Harry Truman was a reader. Despite his lack of a college education, few Presidents knew as much world history as he did. He loved to say that those who fail to learn from history were condemned to repeat it.
But that only counts if history has taught you the right lesson - that is, if you understand what really happened.
Yesterday I watched ESPN's 30 For 30 episode about the 1983 NFL draft - the one where three Hall Of Fame quarterbacks entered the league from the first round - and the Chiefs picked Todd Blackledge. I spent much of yesterday involved in discussions with other AP readers about what the 1983 draft really meant. In those discussions - and others - I have seen a lot of fans say that for the Chiefs, the 1983 draft was a benchwater low moment from which the team never recovered.
So as we go into the NFL Draft tonight clutching our golden ticket, let's be sure we Chiefs fans have learned the right lesson from this part of our history:
Failing to pick Dan Marino in the first round of the 1983 NFL Draft was not the reason the Chiefs haven't won a championship since Super Bowl IV - and is not the reason the Chiefs have not drafted a quarterback in the first round since then.
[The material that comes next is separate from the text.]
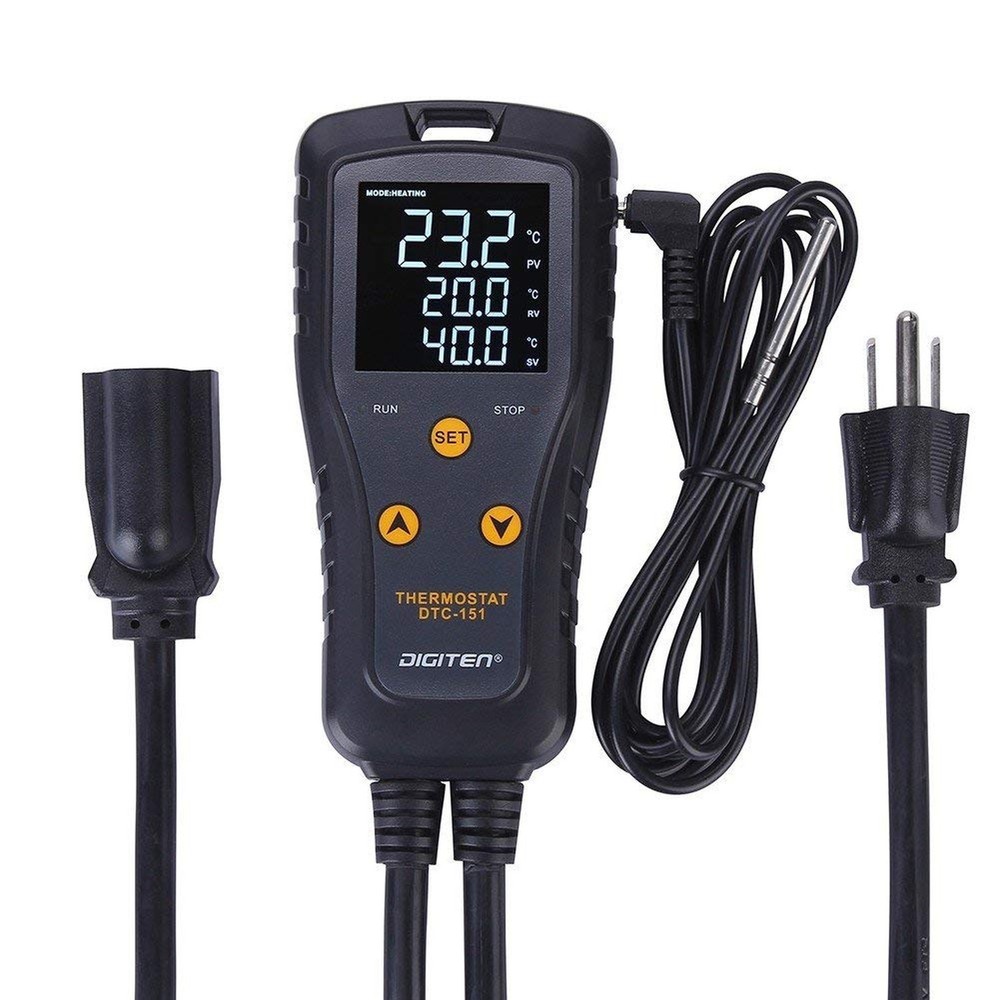 DIGITEN Digital Temperature Controller Simple Stage Thermostat Outlet Heating...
We can all agree that the Chiefs blew that one. It's easy to see that Dan Marino would have been a better choice than Todd Blackledge. But Dan Marino went to the Dolphins - a team that finished 7-2 in the strike-shortened 1982 season, and was coached by the legendary Don Shula - while Blackledge went to a team that had finished 3-6 and had just been taken over by first-time NFL coach John Mackovic. While the quarterback may be the position that can have the greatest impact on a team's fortunes, he simply can't do it all by himself. To reach his potential, he must have blocking, receivers, an adequate running game and defense - and perhaps most importantly - good coaching. Marino would have had none of those things in Kansas City.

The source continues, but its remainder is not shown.